◆ **Problem to work on**
Set down, exactly as written, the lines from the line holding "Summer Tan Lines" to the end of the data, inclusive, skipping any pictures.

◆ **Data below**
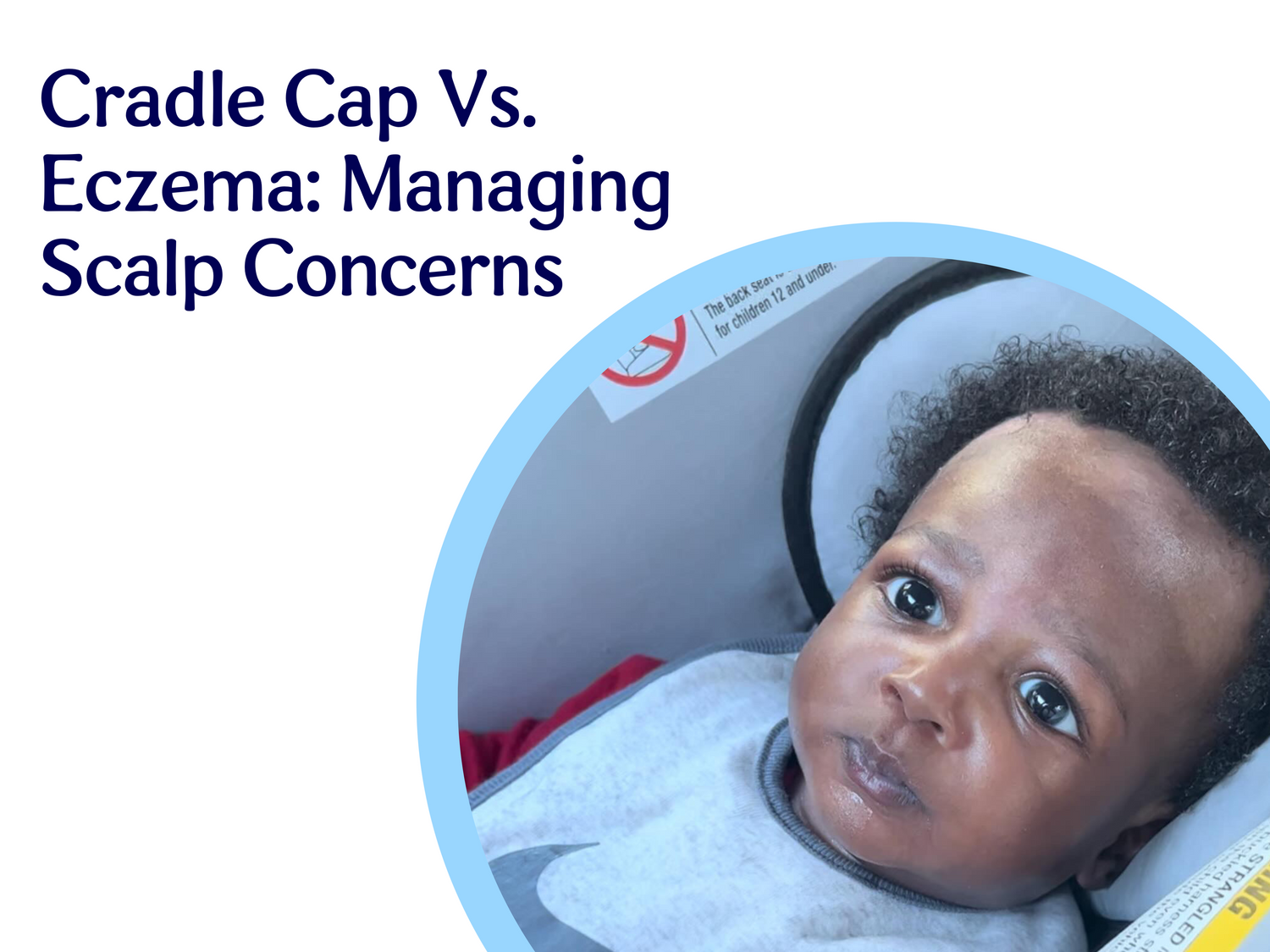 Cradle Cap Vs. Eczema Managing Scalp Concerns Reagan Sanai Natural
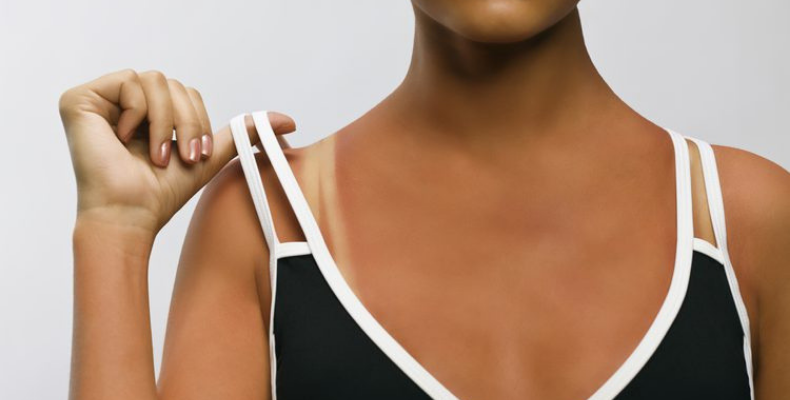 Summer Tan Lines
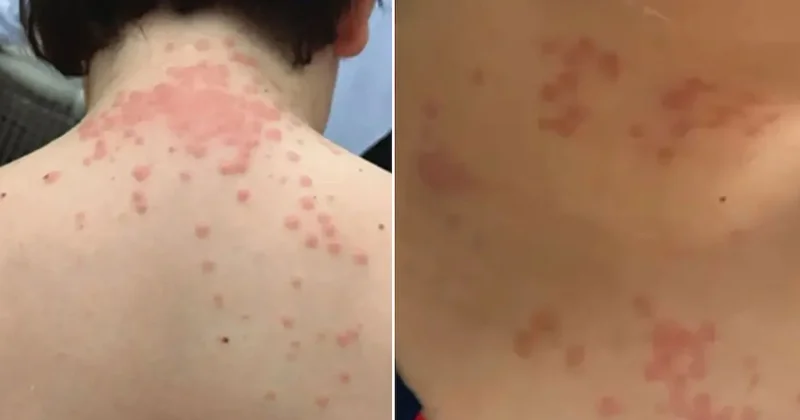 Dev hava yolunun uçaklarını böcekler bastı: Yolcular perişan hale geldi Sözcü Gazetesi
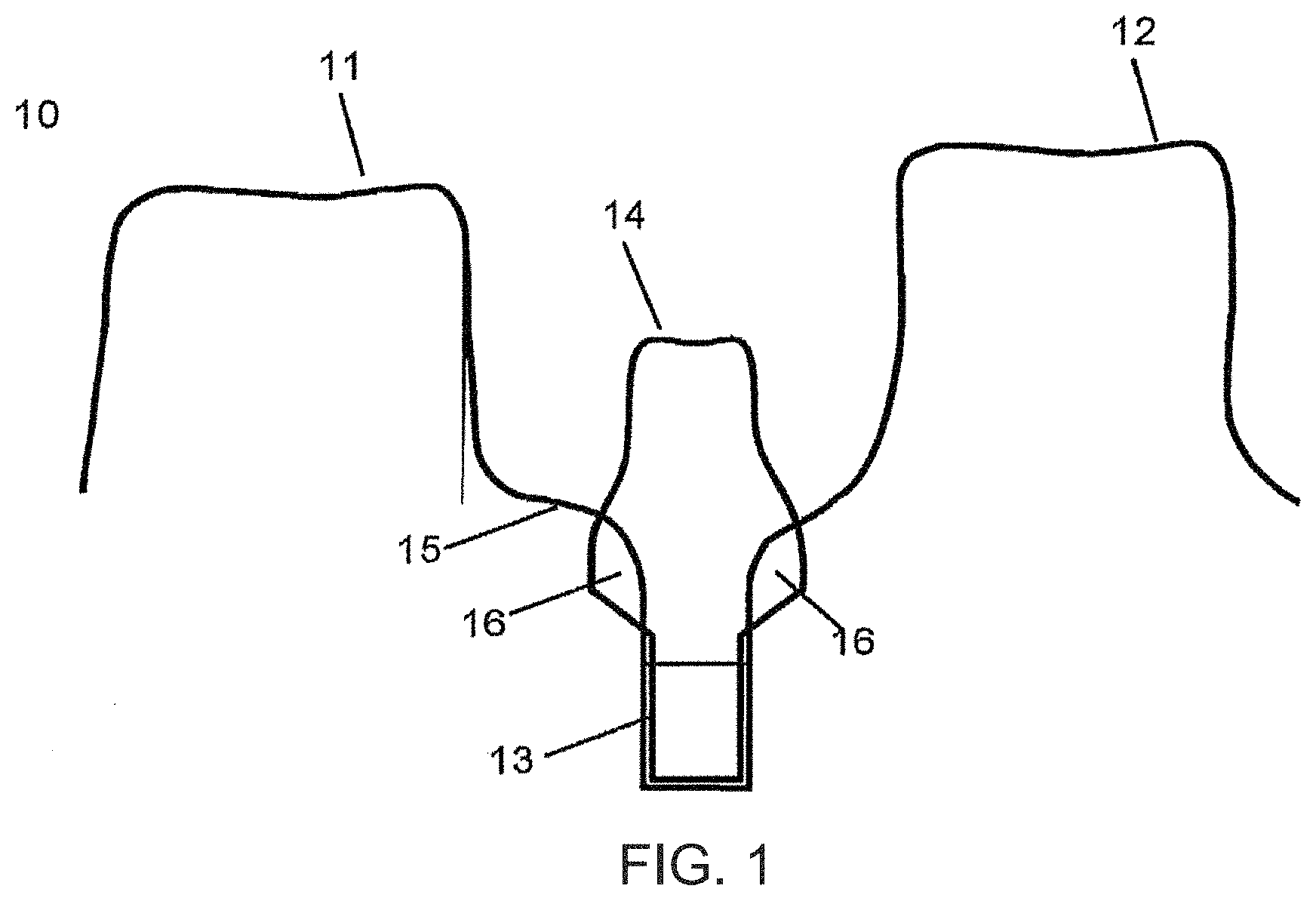 Patent US11779440 — Method of modifying the gingival part of a virtual model of a set of teeth — Figure 1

◆ **Solution for this problem**
 Summer Tan Lines
 Dev hava yolunun uçaklarını böcekler bastı: Yolcular perişan hale geldi Sözcü Gazetesi
 Patent US11779440 — Method of modifying the gingival part of a virtual model of a set of teeth — Figure 1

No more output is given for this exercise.